HP has provided technology and services that support Israel’s military occupation and racial discrimination policies, including its devastating siege suffocating nearly 2 million Palestinians in Gaza, and illegal settlements built on stolen Palestinian land.
Today, HP-branded companies provide the Israeli government with the servers that house its notorious population registry, a key component in the apparatus of apartheid. Records also indicate that HP-branded companies are still responsible for selling computers to the Israeli military. As such, HP products and services enable racial segregation and denial of basic rights.
In its resolution to boycott HP, the Students Federation of India (SFI) condemned Israel’s recent violence against unarmed Palestinian protesters in Gaza, where Israel killed at least 121 Palestinians and injured more than 13,000 in just the last two months. It also criticised the current right-wing government in India for its “close security and military ties with Israel” and for having become “the largest arms buyer from Israel.”
Vikram Singh, the federation’s General Secretary, promised that the campaign to boycott HP in India would grow:
Our federation will spread the BDS movement and the HP boycott campaign in college and university campuses across India. We will work to convince university administrations to adopt procurement policies that prohibit doing business with HP companies until they prove that they are no longer complicit in Israel’s egregious violations of Palestinian human rights. Until then, this boycott will continue and will grow even stronger.
Abdulrahman Abunahel, a Gaza-based community organiser and coordinator for the Palestinian BDS National Committee (BNC) welcomed the resolution:
Palestinian students and youth movements deeply appreciate the solidarity expressed by our counterparts in the Students Federation of India. As a young Palestinian in Gaza, I know first hand how difficult it is to study, and to simply live, under decades of Israel’s brutal military rule and devastating siege. And I’m heartened by this important gesture of support from India, which reaffirms that where governments fail, people have the the power to act and make a difference.

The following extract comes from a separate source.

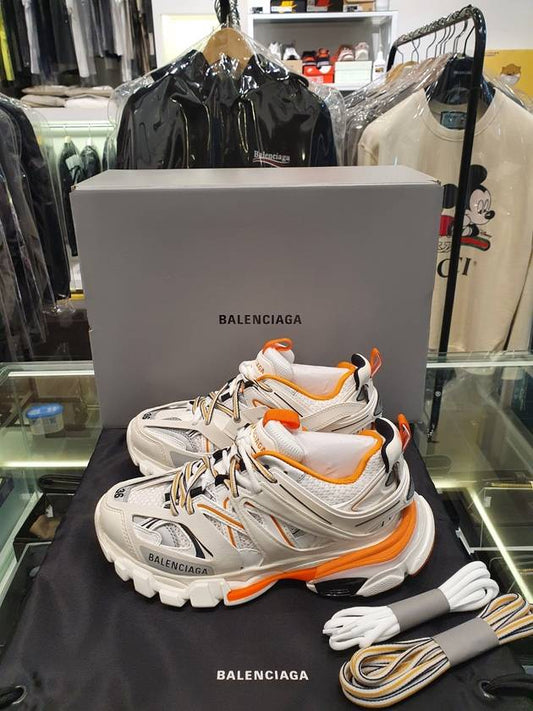 Luxury Balenciaga Track Trainer Low Top Sneakers White Orange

In the past few years, US church denominations such as the US Presbyterian Church and the United Church of Christ have divested from HP. Friends Fiduciary Corporation, the socially responsible investment firm serving over three hundred Quaker institutions in the United States, divested from HP in 2012. Most recently, the Dublin City Council joined the BDS movement and called for ending ties with HP because of the company’s complicity in Israeli apartheid.